Obtaining a triple-phase CT or magnetic resonance imaging of the liver 2–4 weeks after treatment is recommended to assess tumor response and to plan further action. The panel recommends the use of the modified Response Evaluation Criteria in Solid Tumors (mRECIST) for HCC guideline for response classification [37]. Tumor response measured by mRECIST after transcatheter or systemic therapy has been shown to be associated with survival [38, 39].

In patients with residual viable tumor—including partial response, stable disease, and progressive disease according to mRECIST—further treatment with DEBDOX can be scheduled after 4–8 weeks in the absence of contraindications. Obtaining confirmation that the liver enzymes have returned to baseline before repeating treatment is recommended.

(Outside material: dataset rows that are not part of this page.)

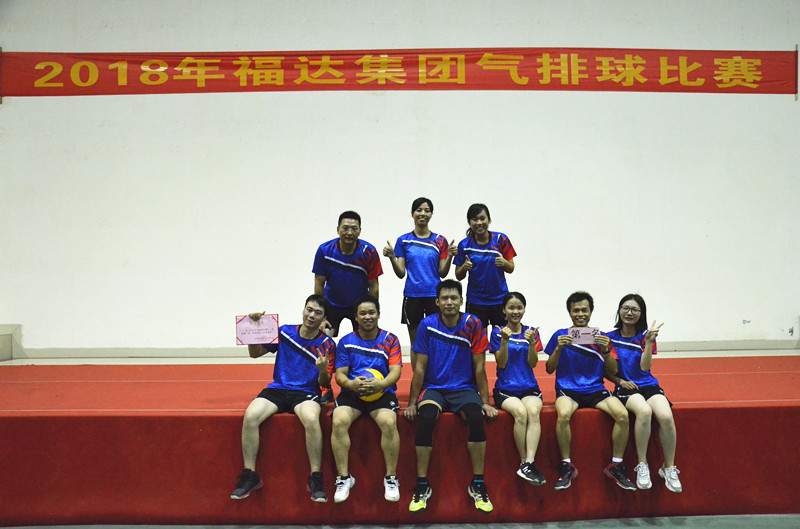 U8国际·(中国)有限公司官网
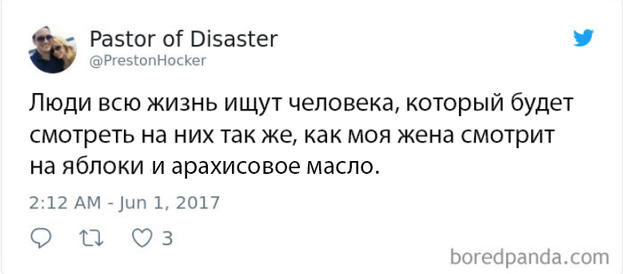 25 фото о том, как тяжело во время беременности мужчинам! 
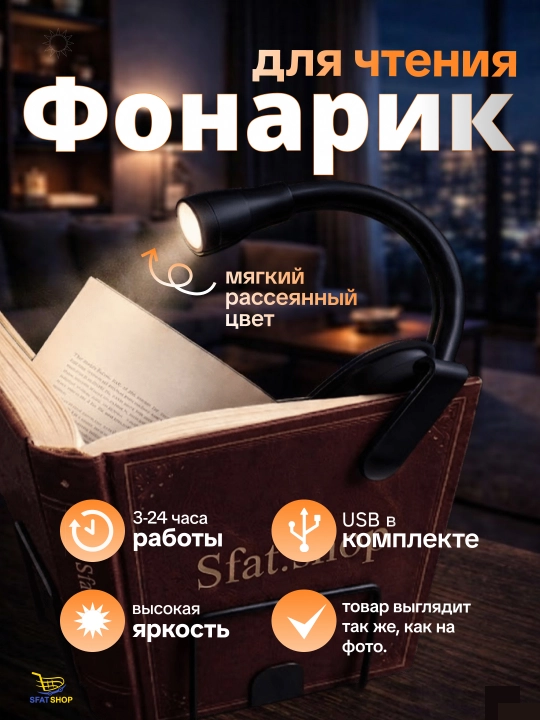 Ko‘z himoyali o‘qish lampasi simsiz stol uchun egiluvchan qisqichli LED chiroq -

In patients with no evidence of residual viable disease—i.e., with complete response according to mRECIST—imaging follow-up should be scheduled every 2–3 months.

Treatment Discontinuation

Treatment with DEBDOX should be discontinued—even if technically feasible—in patients presenting with untreatable progression [40]. Untreatable progression is defined as failure to achieve objective response in the targeted tumor after at least two DEBDOX treatments. The emergence of new intrahepatic tumor foci remote from the treated territory, although clearly representing tumor progression according to mRECIST for HCC, does not contraindicate further treatment with DEBDOX. In cases of clinical or functional deterioration, treatment should be discontinued in patients who have clinical progression to ECOG performance status > 2 or who experience evolution to sustained hepatic decompensation (not merely after therapy).

Final Remarks

The technical recommendations that we summarize here represent the consensus of a panel of experts and are aimed at defining standards for an appropriate and consistent use of DEBDOX in the treatment of HCC. However, given the many patient- and tumor-related variables that play a role in the decision-making process, this is intended as no more than a general guideline. We fully acknowledge that, given the complexity of HCC, individual patient and tumor characteristics may require a different approach. Interventional radiologists should not follow these technical recommendations if, in their opinion, a different approach is required for the individual patient.

Finally, despite the improved tolerability profile of DEBDOX with respect to conventional TACE, it is imperative that interventional radiologists are fully aware of the spectrum of potential adverse events associated with the procedure to prevent complications or manage them properly [41].